▶ [DATA BELOW]:

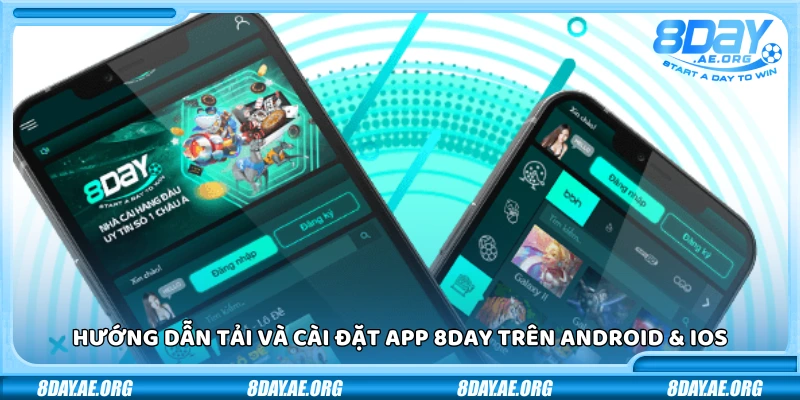 Tải app 8Day – Trải nghiệm siêu tốc chơi mọi lúc mọi nơi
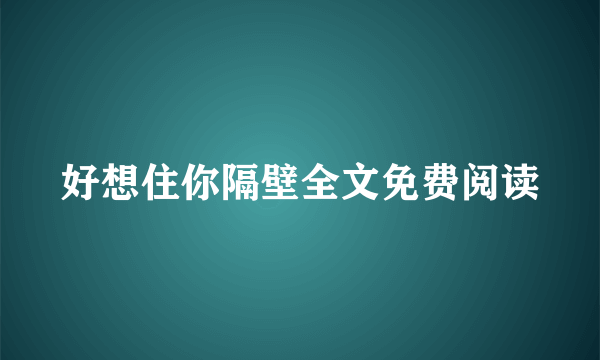 好想住你隔壁全文免费阅读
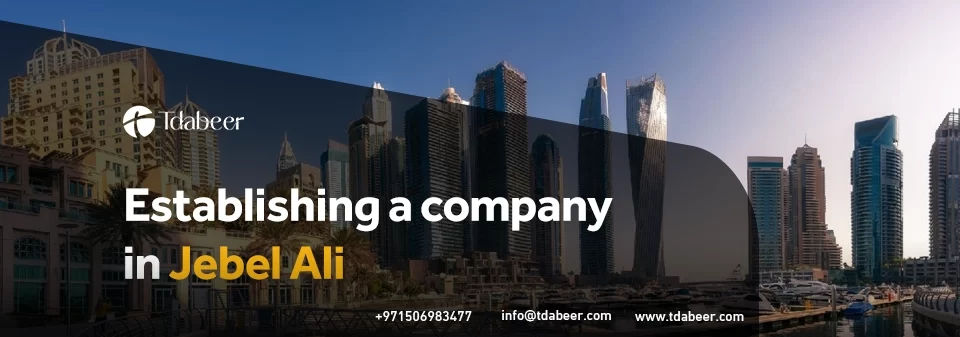 Establishing a company in Jebel Ali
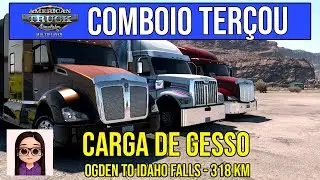 ATS - Carga de Gesso - Ogden to Idaho Falls - 318 km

▶ [TASK DETAILS]:
Leave out the pictures and give the listing above again exactly.

▶ [SOLUTION FOR THIS EXERCISE]:
 Tải app 8Day – Trải nghiệm siêu tốc chơi mọi lúc mọi nơi
 好想住你隔壁全文免费阅读
 Establishing a company in Jebel Ali
 ATS - Carga de Gesso - Ogden to Idaho Falls - 318 km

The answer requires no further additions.